Merkle got his degree, and today digital signatures applied to hashes are the basis of many cybersecurity systems. They protect credit card numbers sent over the Internet, certify the authenticity and integrity of code run on iPhones, and validate keys used play digital music.
The idea of hashing has been applied to other areas as well—in particular, forensics. One of the field’s first and continuing uses of hashing was to establish chain of custody for forensic data. Instead of hashing a document or a file, the hash function is applied to the entire disk image. Many law enforcement organizations will create two disk images of a drive and then compute the hash of each image. If the values match, then the copies are assumed to each be a true copy of the data that were on the drive. Any investigator with a later copy of the data can calculate the hash and see if it matches the original reported value.
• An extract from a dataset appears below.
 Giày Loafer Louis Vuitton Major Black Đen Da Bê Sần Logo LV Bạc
Hashing is so important that many digital forensics tools automatically perform this comparison.
A second use for hashing is to identify specific files. This approach takes advantage of the property that it is extraordinarily unlikely for two files to have the same hash value, so they can label files in much the same way a person can be recognized by their fingerprints.
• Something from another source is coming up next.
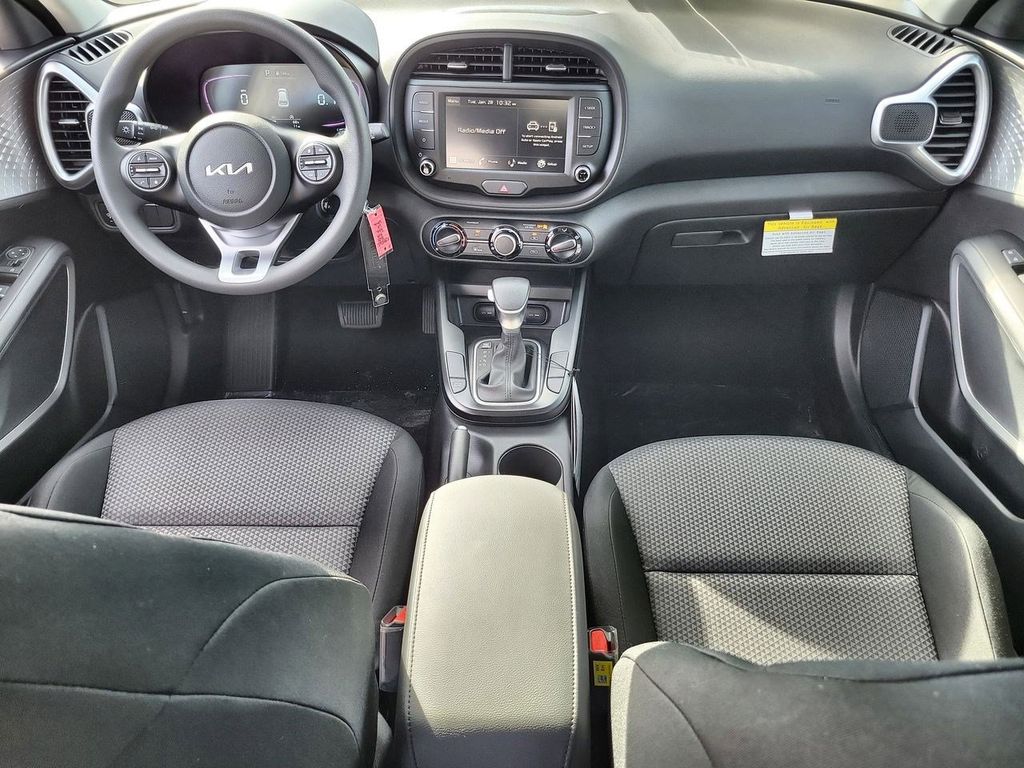 2025 Kia Soul LX photo 13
Today forensic practitioners distribute databases containing file hashes. These data sets can be used to identify known goods, such as programs distributed as part of operating systems, or known bads, such as computer viruses, stolen documents, or child pornography. Recently, several groups, including my team at the Naval Postgraduate School, have applied cryptographic hashing to blocks of data smaller than files, taking advantage of the fact that even relatively short 512-byte and 4,096-byte segments of files can be highly identifying.
File and sector identification with hashing means that a hard drive containing millions of files can be automatically searched against a database containing the hashes of hundreds of millions of files in a relatively short amount of time, perhaps just a few hours. The search can be done without any human intervention.